自動車の車体前部または車体後部の左右両側に設けられたサスペンションタワーの上端部には、前輪または後輪を支えるサスペンションの構成部材たるストラッドの上端が結合されている。サスペンションタワーには上記ストラッドを介して車両走行時の車輪から伝達される振動により振動し、この振動は自動車の操縦安定性に悪影響を及ぼす。
そこで従来、左右のサスペンションタワーの上端間に金属製の棒材またはパイプ材からなる補強部材を架設してサスペンションタワーおよびその周辺部の車体の剛性を強化して振動を抑制する対策がとられている。しかしながら、このようにすると一方において車両走行時に乗員にゴツゴツ感が与えられ乗り心地を低下させる問題が生じる。そこで補強部材にダンピング性能をもたせて乗り心地を改善することが提案されている(例えば特許文献1参照。)。
図5にこの種の代表的な補強部材を示し、補強部材9は、液体を封入したシリンダ91をピストンロッド92の先端のピストンにより仕切り、ピストンロッド92の軸方向の動きによりピストンに形成された貫通孔を液体が流通するようになしたハイドロリックダンパーにより構成されている。補強部材9はシリンダ91側の端末部およびピストンロッド92側の端末部をそれぞれ左右のサスペンションタワーの上端部に結合して両サスペンションタワー4,4間に車幅方向に架設される。これにより車両走行時のサスペンションタワー4,4付近の車体の振動は、ピストンロッド92の移動に伴う封入液体の粘性抵抗およびピストンの貫通孔を通過する時の流通抵抗により減衰される。
特開2002−211437号公報
しかしながら、従来の車幅方向に架設したダンパー式の補強部材では、車体の微小な振動に対して減衰力を発揮することは難しい。そこで振動に対して感度よく作用する高性能のダンパーを用いることも考えられるが高価なもののとなり、かかるダンパーを車両のサスペンションタワー間を連結するダンパーとして用いることは実用的とは言えない。そこで本発明は車体の微小な振動を効果的に減衰でき、乗員の乗り心地を改善するサスペンションタワーの補強構造を提供することを課題としてなされたものである。
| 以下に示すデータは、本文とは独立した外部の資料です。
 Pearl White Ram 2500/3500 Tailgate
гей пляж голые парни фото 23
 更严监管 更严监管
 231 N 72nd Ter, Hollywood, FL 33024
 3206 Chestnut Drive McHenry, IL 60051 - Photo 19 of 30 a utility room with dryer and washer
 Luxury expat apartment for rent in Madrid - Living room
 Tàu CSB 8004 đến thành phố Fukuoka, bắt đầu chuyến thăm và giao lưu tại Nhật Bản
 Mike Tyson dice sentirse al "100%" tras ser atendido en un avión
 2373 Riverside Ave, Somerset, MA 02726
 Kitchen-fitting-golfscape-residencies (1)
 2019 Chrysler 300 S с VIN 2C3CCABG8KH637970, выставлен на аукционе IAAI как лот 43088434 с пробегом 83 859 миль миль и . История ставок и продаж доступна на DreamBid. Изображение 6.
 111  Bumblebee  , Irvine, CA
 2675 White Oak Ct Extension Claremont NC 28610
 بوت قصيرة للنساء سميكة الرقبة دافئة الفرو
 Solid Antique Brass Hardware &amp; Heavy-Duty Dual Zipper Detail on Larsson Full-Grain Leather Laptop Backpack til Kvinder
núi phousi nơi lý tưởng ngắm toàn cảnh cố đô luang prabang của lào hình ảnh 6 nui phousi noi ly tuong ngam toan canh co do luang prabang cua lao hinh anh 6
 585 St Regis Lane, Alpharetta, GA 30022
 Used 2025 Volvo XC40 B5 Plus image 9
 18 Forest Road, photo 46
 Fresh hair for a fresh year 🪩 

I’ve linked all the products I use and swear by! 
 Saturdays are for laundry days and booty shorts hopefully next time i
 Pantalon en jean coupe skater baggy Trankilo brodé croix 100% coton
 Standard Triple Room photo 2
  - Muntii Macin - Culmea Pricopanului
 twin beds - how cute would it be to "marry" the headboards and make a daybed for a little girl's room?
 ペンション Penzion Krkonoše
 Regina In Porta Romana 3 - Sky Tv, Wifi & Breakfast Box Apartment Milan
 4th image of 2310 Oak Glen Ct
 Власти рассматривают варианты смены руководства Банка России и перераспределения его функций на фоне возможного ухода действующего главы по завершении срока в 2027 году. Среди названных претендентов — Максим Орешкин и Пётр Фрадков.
本発明は、車体の左右両側に設けられたサスペンションタワーの上端間に車幅方向に補強部材を架けわたした自動車のサスペンションタワーの補強構造において、上記補強部材を、左右のサスペンションタワーの上端部に連結した左右両側の端末部よりも長手方向の中間部が前側へ張り出す鈍角形状に屈曲形成したほぼく字形の第1の連結部材と、上記第1の連結部材とは逆向きに、左右のサスペンションタワーの上端部に結合した両端末部よりも長手方向の中間部が後側へ張り出す鈍角形状に屈曲形成したほぼ逆く字形の第2の連結部材とでほぼひし形状に構成する。そして上記第1および第2の連結部材間には両者の上記鈍角形状に屈曲形成した長手方向中間の屈曲部間を車両前後方向に架けわたす緩衝装置を設ける(請求項1)。サスペンションタワーは主として車幅方向に振動する。左右のサスペンションタワーが変位して両者間の間隔が変化すると、第1および第2の連結部材の屈曲部の屈曲角度が変化し、両連結部材の屈曲部間の車両前後方向の間隔が変化する。この間隔の変化は、屈曲角度が鈍角に設定されていると、サスペンションタワーの変位よりも拡大して現れる。従ってサスペンションタワーの微小な振動でも緩衝部材の作動ストロークは大きくなり、振動減衰効果が効果的に発揮される。
上記緩衝装置として、上記第1および第2の連結部材の両屈曲部間の前後方向の伸長変形を抑制するように設けた液圧式ダンパー装置で構成する(請求項2)。緩衝部材として液圧式ダンパー装置を好適に用いることができる。
上記第1および第2の連結部材は各屈曲部の屈曲角度を、150度から170度の範囲に設定する(請求項3)。サスペンションタワーの車幅方向の変位を効率よく第1および第2の連結部材の前後方向のストロークの大きな変位に置き換えることができる。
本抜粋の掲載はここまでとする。